On February 7, a day that a great many Americans will spend glued to their television sets watching a flying pigskin, I’ll be out in the Northwoods, searching for a creature fully capable of flying but usually rooted to a branch for the day. I noticed way back in the 1980s or 90s that you just needed to move one letter to the left to convert Super Bowl Sunday to Superb Owl Sunday. Ever since, I've wanted to see at least one owl that day every year. I haven’t always been able to break away from whatever else I was doing, but when I have gone searching, the only time I was skunked completely was when I was out with KUMD’s Lisa Johnson. It’s not that she doesn’t have good owl karma—she’s seen and photographed her share of owls now, but never with me. Whatever good karma we each have apparently cancels each other's out.
At the end of 2012, my 93-year-old mother-in-law, who had dementia and was starting to have more and more physical problems as well, moved in with us after I’d already made plans to do a Big Year in 2013. That meant I had to scale back my plans for both financial and logistical reasons, cutting out any possibility of getting to Alaska or even anywhere in Canada, and seriously shortening the length and number of my trips for the year. Even sadder, suddenly it was going to be impossible for Russ to travel with me—one of us had to be home every night, and we couldn’t ever both be gone for more than a few hours. The only time that whole year that Russ went with me on a birding adventure was on Superb Owl Sunday. We didn’t have time to go to the bog, but decided we could at least break away for two or three hours to see what we could see in Two Harbors.

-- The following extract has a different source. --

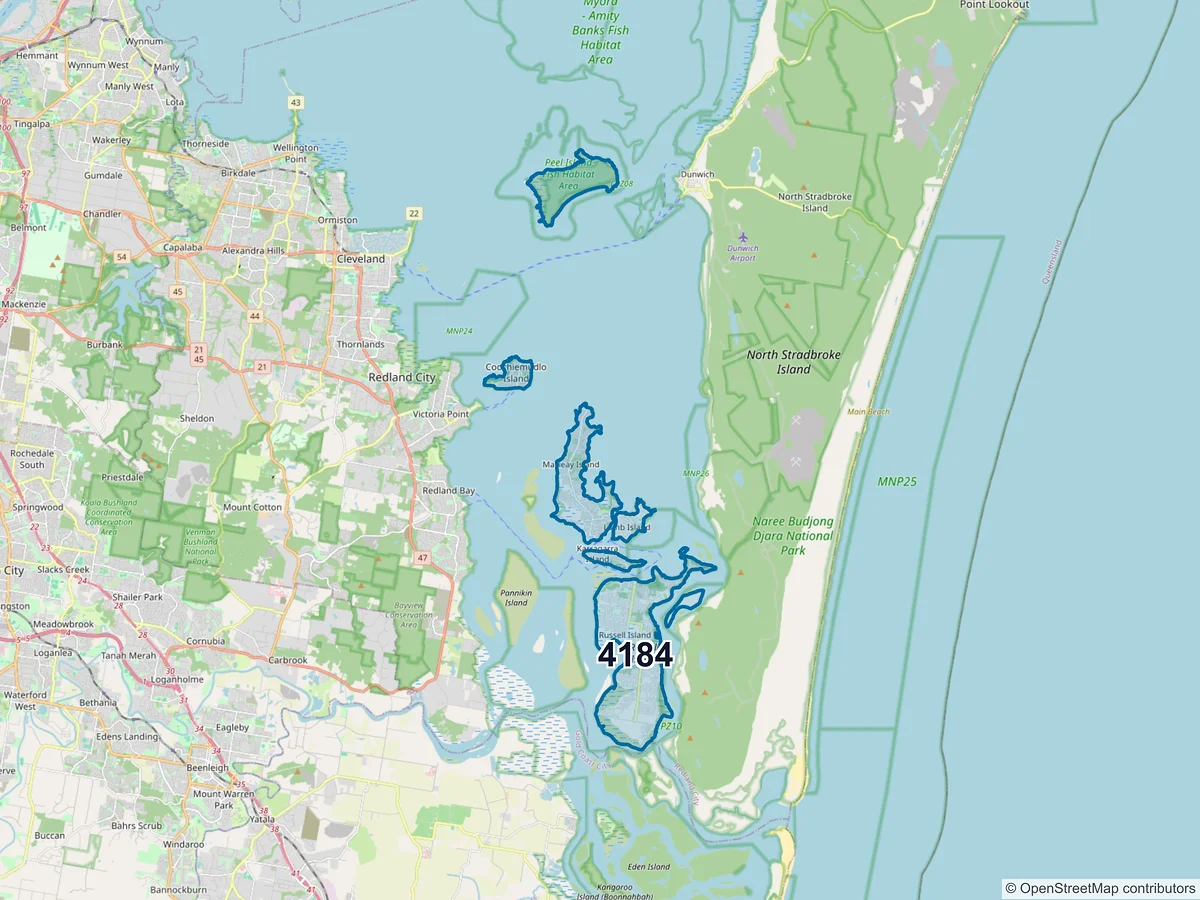 Map of postcode 4184 — Russell Island, QLD, Australia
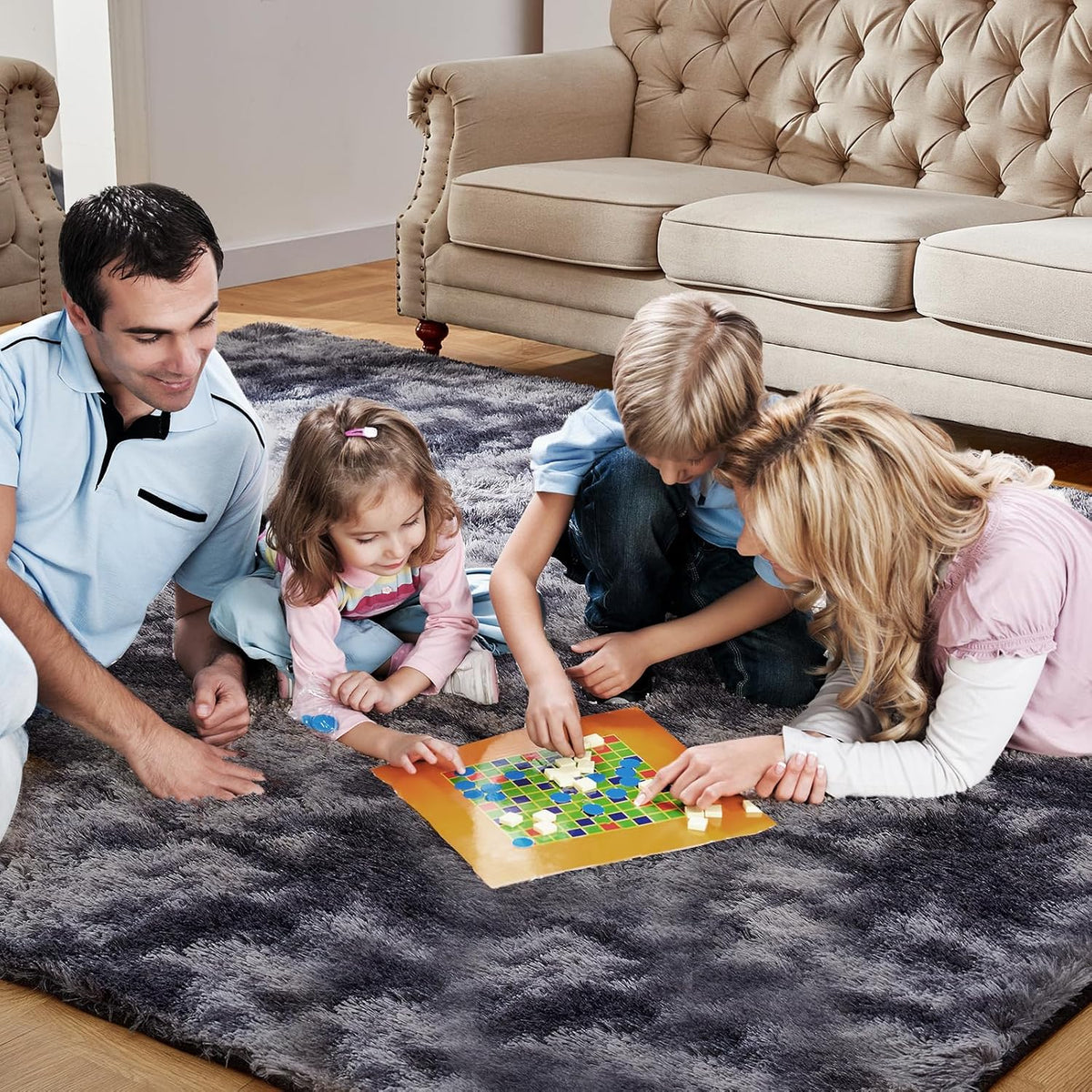 Shag Area Rugs for Living Room 5x7 Feet, Upgrade Anti-Skid Rectangular Cozy Rug, Indoor Floor Carpet for Kids Boys Girls Dorm Bedroom Playroom, Home Decor Aesthetic, Tie-Dyed Dark Gray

So we headed up there at mid-morning. Along Highway 61, I spotted a couple of clusters of birders photographing what had to be Boreal Owls—we were in the midst of a short irruption—but I figured I’d be happiest finding my own owl, so we went on to my favorite owl spot, along a little alley in Two Harbors, with houses on one side and a nice wooded ravine on the other. We had just stepped out of the car and were starting to walk when a Two Harbors birder, Jim Lind, spotted me and charged down to tell us there was a Saw-whet Owl a couple blocks away in someone’s backyard. He gave us directions, but then we started chatting—this was the first time he’d met Russ. We’d been talking for five or so minutes when Jim looked up and WHOA! There was a Boreal Owl right there, just 18 feet away in perfect light!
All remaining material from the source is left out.